La concezione della donna subordinata era sostenuta da precetti divini dai quali scaturiva anche la divisione dei compiti. La donna dovrà essere in grado di sovraintendere a tutte le questioni domestiche della proprietà, attività in armonia con la propria costituzione fisica dispostale per natura dagli dei.

Un altro aspetto su cui Senofonte pone l’accento è l’attenzione al dettaglio (akribeia), non come qualità ma come vero e proprio modus operandi. Vi è un’estrema attenzione al calcolo economico: il buon economo deve saper amministrare le sostanze con minuzia. Questo percorso risponderebbe non solo all’esigenza economica, ma soprattutto alla questione etica: per Senofonte il valore è infatti strettamente collegato alla virtù.

Il patrimonio non viene determinato solo in base alla quantità di beni che lo compongono ma acquisisce valore in base alla virtù che manifesta colui che l’amministra verso la società.

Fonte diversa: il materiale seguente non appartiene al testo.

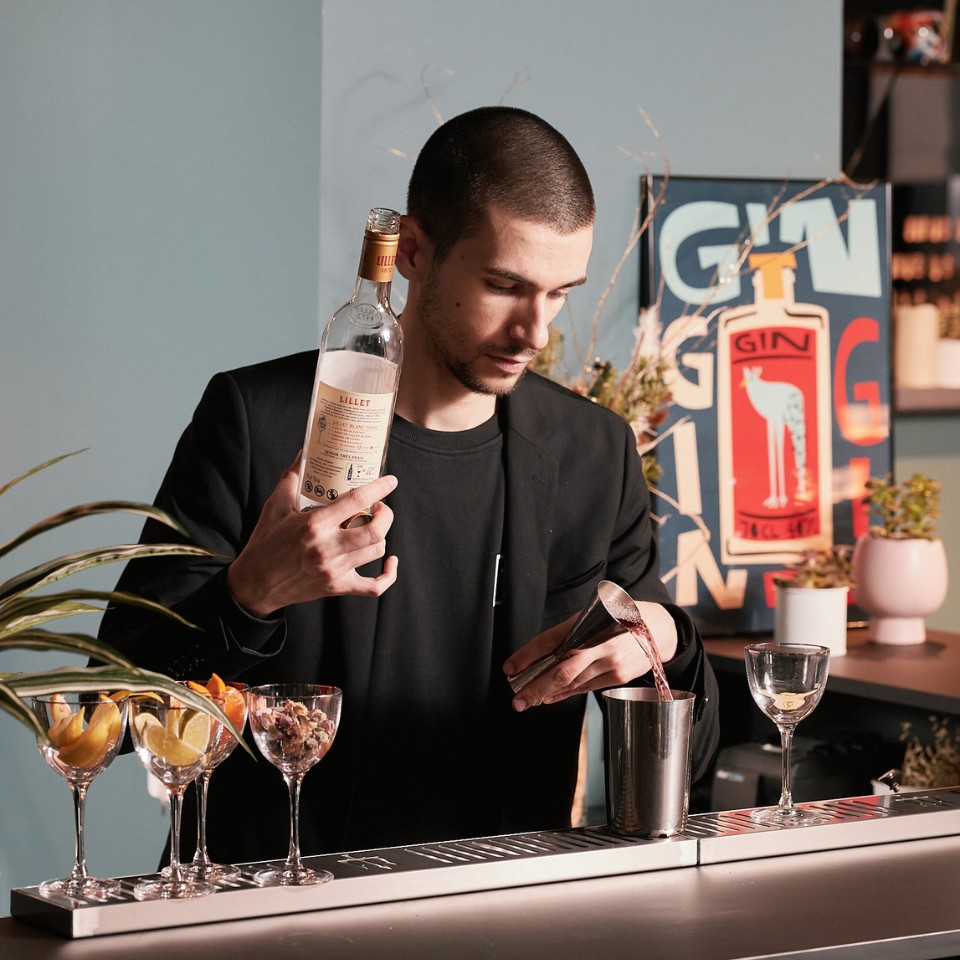 A barkeeper mixing a drink with Lillet at the Byron Bar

Perciò quanto più l’economo sarà virtuoso, tanto maggiore sarà il controvalore del suo patrimonio.

La donna, di riflesso, attraverso un’adeguata amministrazione economica del patrimonio famigliare, non ricerca il mero utile nella sua accezione egoistica ma il bene comune, che costituisce il fine ultimo dell’economia.

Sicuramente Senofonte era rimasto colpito dai costumi persiani e dipinge il ritratto della moglie di Iscomaco come icona della civiltà di questo popolo così vicino e contemporaneo ma così diverso nella gestione della quotidianità domestica.